The experimental results in
Table 4 demonstrate that the Performer-KAN model performs best across all evaluation metrics, with an R
2 of 0.9841, MAE of 0.049, and RMSE of 0.0153. These results highlight its superior fitting capability and robustness in time-series modeling. Compared to the original Performer model, Performer-KAN significantly improves prediction accuracy, suggesting that incorporating KAN enhances the model’s ability to capture complex fault characteristics and improves generalization.
Relative to conventional time-series models such as LSTM, RNN, and TCN, Performer-KAN exhibits a stronger performance in modeling long-term dependencies and capturing degradation trends, thereby reducing the prediction lag and amplitude deviation.
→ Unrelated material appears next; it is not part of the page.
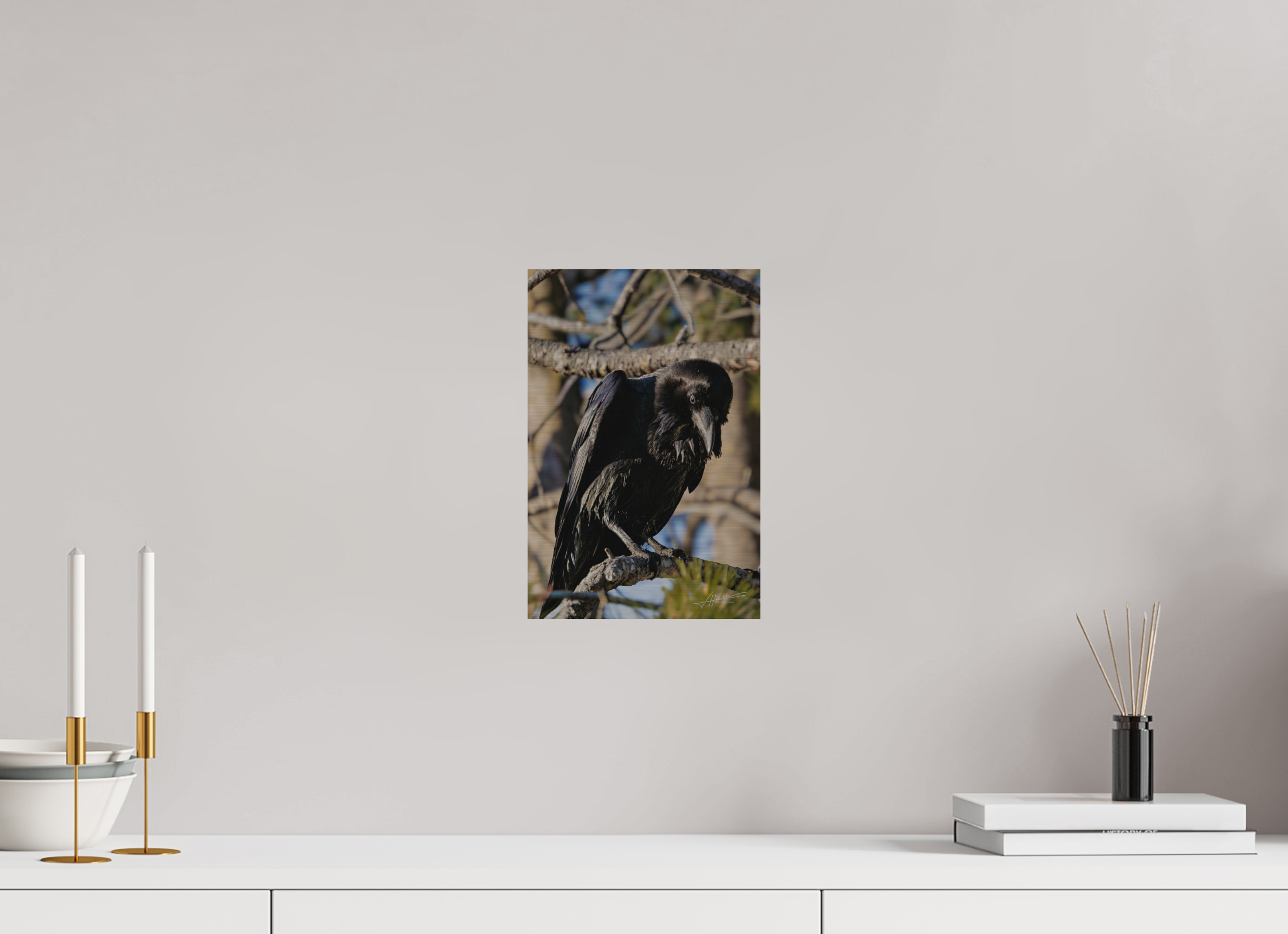 8 x 12″, Direct Brushed Aluminum Morning Raven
Although the Transformer-KAN model achieves a slightly lower MAE, it performs slightly worse in other metrics, indicating that the Performer-KAN model offers a better overall performance. Informer, while moderately effective in specific tasks, suffers from amplitude amplification during long sequence modeling, compromising its stability and prediction accuracy.
To further illustrate the model performance,
Figure 11 visualizes the predicted and real sequences across models using IMF inputs. The Performer-KAN model matches the ground truth in trend and magnitude, reinforcing its superiority and reliability in IGBT fault prediction tasks.
To evaluate the computational efficiency, three metrics were recorded for each model using IMF sequences: training time per epoch (min/epoch), training time per batch (s/batch), and GPU utilization, as shown in
Figure 12. Among all the models, the Transformer-KAN incurs the highest computational overhead, reflecting an increased resource consumption despite an improved modeling capacity.
In contrast, the Performer-KAN achieves notable efficiency improvements, requiring only 3.2 min per epoch, 2.3 s per batch, and utilizing 26.3% of the GPU on average. This is primarily attributed to the FAVOR+ mechanism, which significantly reduces the time and memory complexity, enabling a high-accuracy prediction with lower latency and hardware demands.
The TCN benefits from parallel convolutional operations among traditional models, leading to the fastest training speed. The RNN and LSTM are slower due to sequential dependencies, with RNN being slightly quicker than LSTM due to its simpler architecture.
For Transformer-based variants, Informer’s training efficiency lies between the Transformer-KAN and the Performer-KAN. Although it adopts a sparse attention mechanism, its acceleration is less effective than FAVOR+ in this experimental setting.
The Performer-KAN demonstrates the best balance between prediction accuracy, training efficiency, and computational resource utilization. Its scalable performance and low complexity make it well-suited for practical engineering applications. While Transformer-KAN shows marginal improvements in MAE, its high computational cost may limit the deployment in real-time environments. Though fast and resource-efficient, traditional models like the RNN, LSTM, and TCN fall short in delivering high-precision degradation predictions.